In the sensing system 500A of FIG. 5A, the detected light portion
is a transmitted portion of the light provided to the CNT-bearing
FBG sensor. In the sensing system 500B of FIG. 5B, the detected
light portion is a reflected portion of the light provided to the
CNT-bearing FBG sensor.
[0078] The process 600 proceeds to operation 630 in which a change
in a spectrum of the detected light portion is determined by a
processor (e.g., 502). In certain embodiments, the operation 630
includes obtaining a spectrum of a corresponding one of the
transmitted light portion and the reflection light portion. Taking
the example of FIG. 3, the spectrum of the output light 302E (a
transmitted light portion) can be analyzed to determine a possible
shift in any of the Bragg wavelengths (e.g., .lamda..sub.B1,
.lamda..sub.B2, and .lamda..sub.B3) by comparing the Bragg
wavelengths to reference Bragg wavelengths stored in a look-up
table, for example. Alternatively, one or more of the reflected
light portions 303C, 303D, 303E may be analyzed for the same
purpose. Alternatively or additionally, the operation 630 may
include comparing the spectrum of the detected light portion to a
template or reference spectrum obtained and stored during a
calibration procedure for matching signatures or features relating
to certain measurands. Alternatively or additionally, the operation
630 may include determining a change in peak or integrated
intensity of the detected light portion.
[0079] The process 600 then proceeds to operation 640 in which a
measurand (e.g., particles, chemicals, or energy) that has caused
the change is identified by the processor. In certain embodiments,
the identification operation 640 involves identifying a measurand
that is found to cause the determined change during a previous
calibration procedure. For example, assume that the change in the
spectrum of the detected light portion determined at the operation
630 is a negative 125 nm shift in the second Bragg wavelength 203B
(FIG. 2). A processor can compare the determined Bragg wavelength
shift to a list of previously established Bragg wavelength shifts
and identify a measurand (e.g., a biomolecule) that is known to
cause the particular Bragg wavelength to shift. After measurands
corresponding to different changes determined at the operation 630
are identified, the process 600 ends at state 609.

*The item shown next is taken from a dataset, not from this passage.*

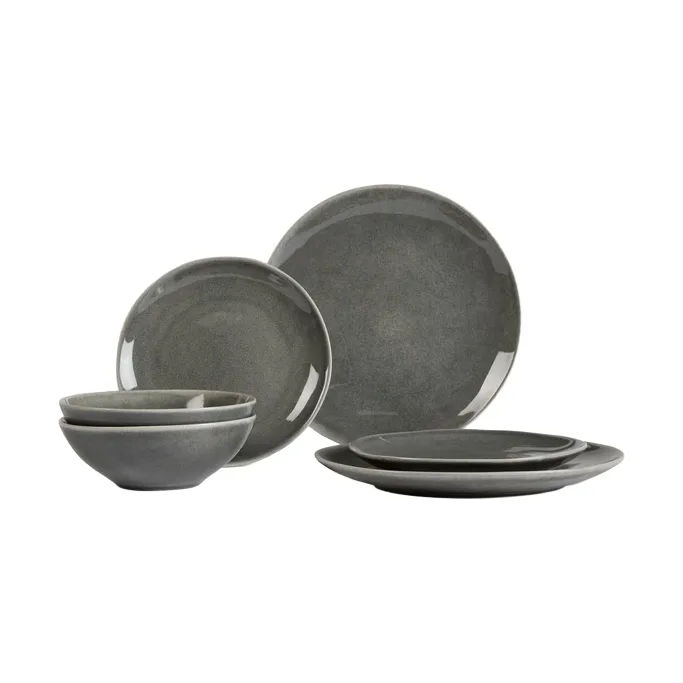Nordic Rain dinnerset for to, 6 deler Broste Copenhagen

[0080] In certain alternative aspects, instead of utilizing a
broadband light discussed above with respect to the process 600, a
narrowband light having a relatively narrow wavelength bandwidth or
spectrum is utilized, and the spectrum or wavelength bandwidth of
the light is scanned or swept across a full response range of
interest for monitoring and detecting one or more anticipated
measurands in one or more locations. FIG. 7 is a flowchart
illustrating an exemplary process 700 for monitoring and detecting
one or more measurands (e.g., particles, chemicals and energy) by
the use of a CNT-bearing FBG sensor according to such alternative
aspects of the present disclosure. It is assumed that the
CNT-bearing FBG sensor has been characterized or calibrated in the
manner described above. As with the process 600 of FIG. 6, for ease
of illustration, without any intent to limit the scope of the
present disclosure in any way, the process 700 will be described
with references to exemplary embodiments of FIGS. 2, 3, 5A, and
5B.
[0081] The process 700 begins at start state 701 and proceeds to
operation 710 in which light (e.g., input light 201) from a light
source (e.g., laser 550A, 550B) is provided to the CNT-bearing FBG
sensor (e.g., 200A, 200B) while the CNTs in the CNT-infused FBGs
(e.g., 205F, 205G, 205H, 205I) are exposed to one or more
measurands. As discussed above, the light has a spectrum or
wavelength bandwidth that is narrower than a full response range of
interest. For example, the light can have a 50 nm bandwidth while
the full response range of interest is 600 nm (e.g., from 1,200 nm
to 1,800 nm). In some embodiments, the light source 550 (FIG. 5) is
a tunable laser in which the wavelength of the output laser light
can be tuned or swept across at least the full response range of
interest. At this stage, the wavelength of the input light is set
to an initial wavelength bandwidth (e.g., 1,200 nm-1,250 nm).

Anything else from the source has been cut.